Shortage of fish threatens African penguins ravaging breeding bird numbers
The African penguin attracts millions of tourists to South Africa each year, but their numbers are now being threatened by a lack of fish to eat.
The penguins only breed on four mainland sites in South Africa and Namibia and 25 islands, but latest figures show the number of breeding pairs has fallen dramatically to only 25,000 from a figure of nearly a million less than a century ago.
However, it is in the past decade that the bird numbers on the main breeding colonies have reduced by 90% due primarily to a shortage of fish, reports the South African Times.
University of Exeter researcher Richard Sherley said that food had become a major problem for the penguins.
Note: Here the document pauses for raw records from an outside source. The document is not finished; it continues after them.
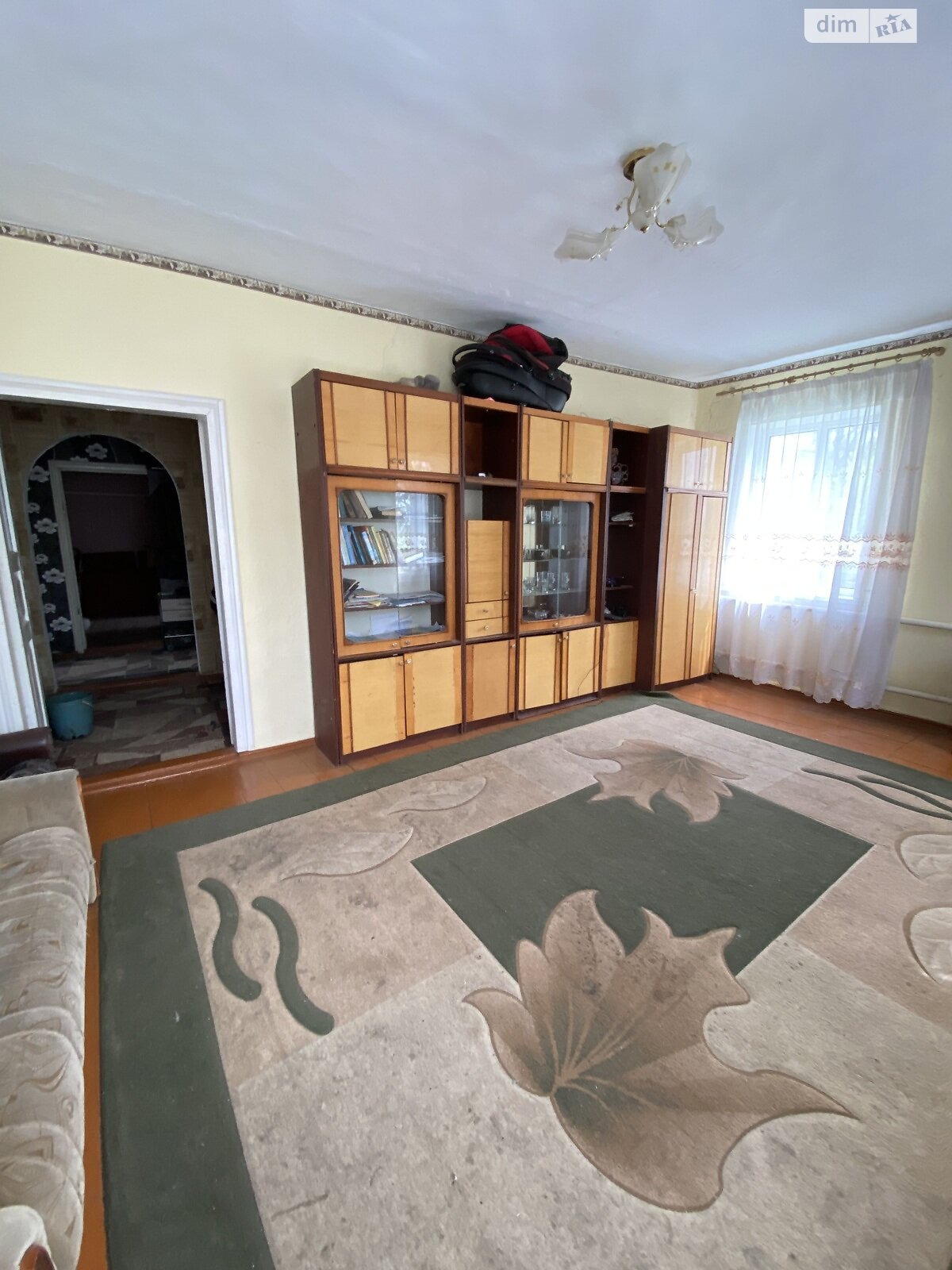 одноповерховий будинок, 85 кв. м, цегла. Продаж у Розсоші фото 1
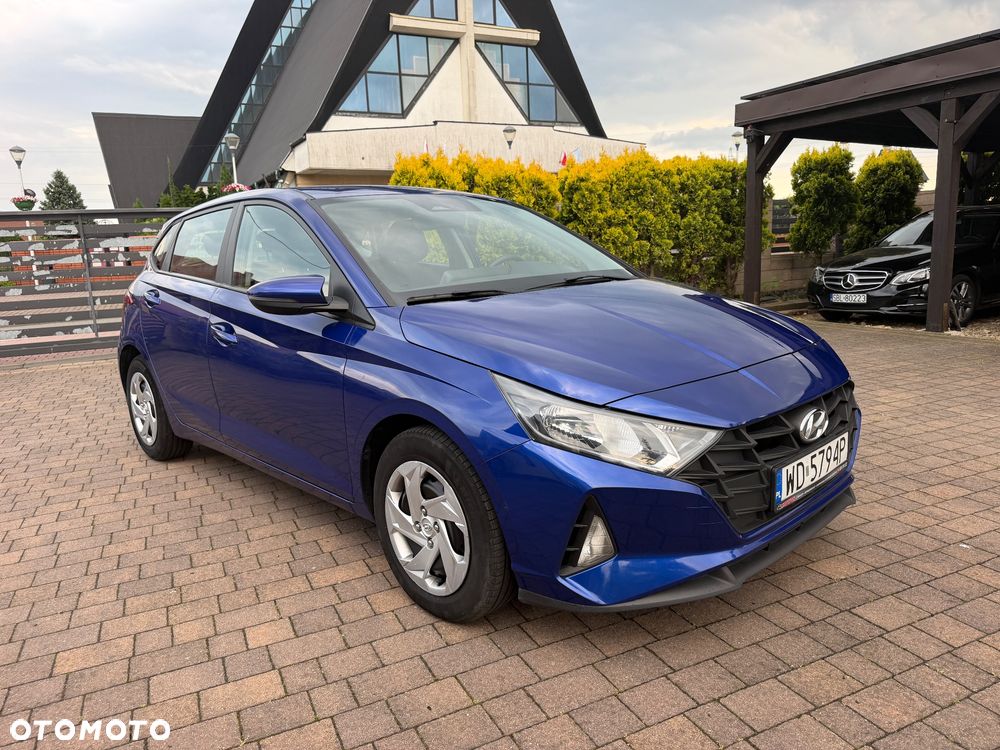 Hyundai i20 1.2 Comfort - 23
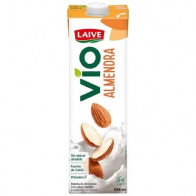 Bebida de Almendra LAIVE Vio Tetrapack 946ml
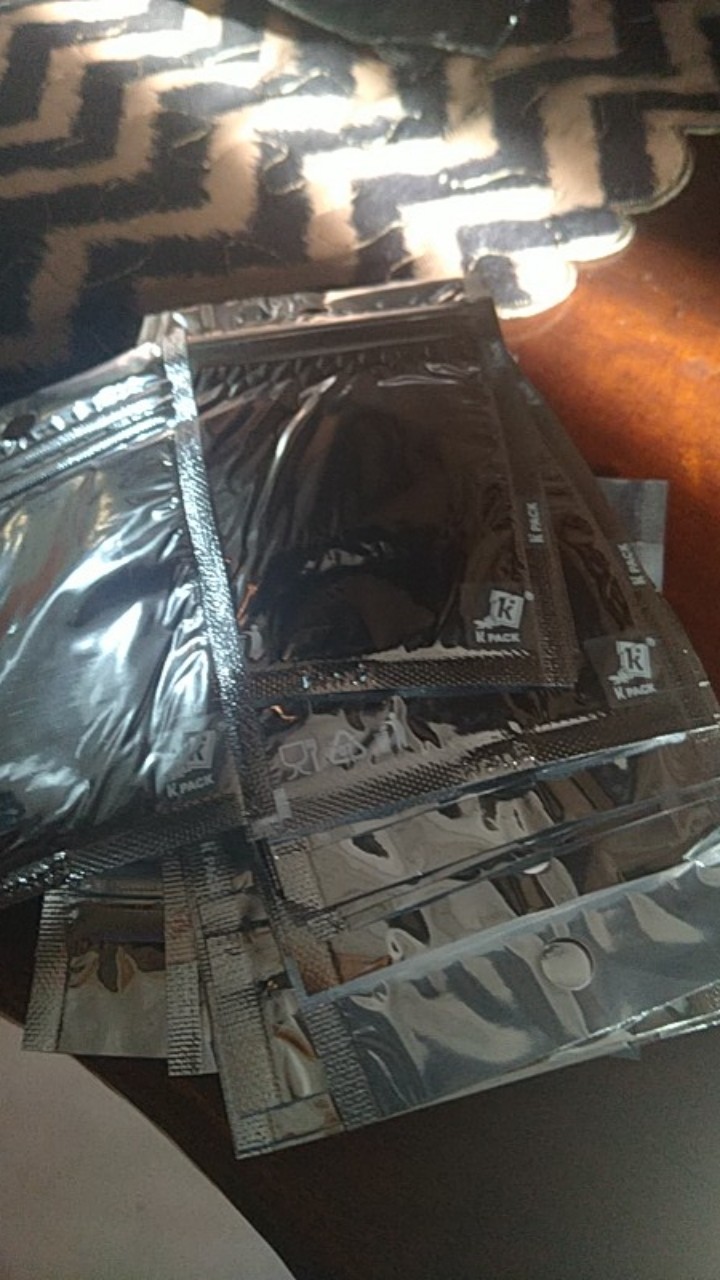 Sachet Tm Kemasan Transparan Metalized (tm) Food Grade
As the lead author of a study published in the Royal Society Publishing journal Biology Letters, Mr Sherley found that while chick survival has risen thanks to a three-year fishing moratorium around Robben Island, it was not enough to balance the huge rate of adult bird mortality. The author believed that although the African penguins could survive for another three decades in the wild, the worry was that they now only had a 10-year live span.
This is due to the fact that sardine and anchovy shoals have left the west side of the coast to migrate over in the east. Mr Robert Crawford, a scientist at the Department of Environmental Affairs, said in all probability, this was as a response to both fishing practices in the area and also to climate change.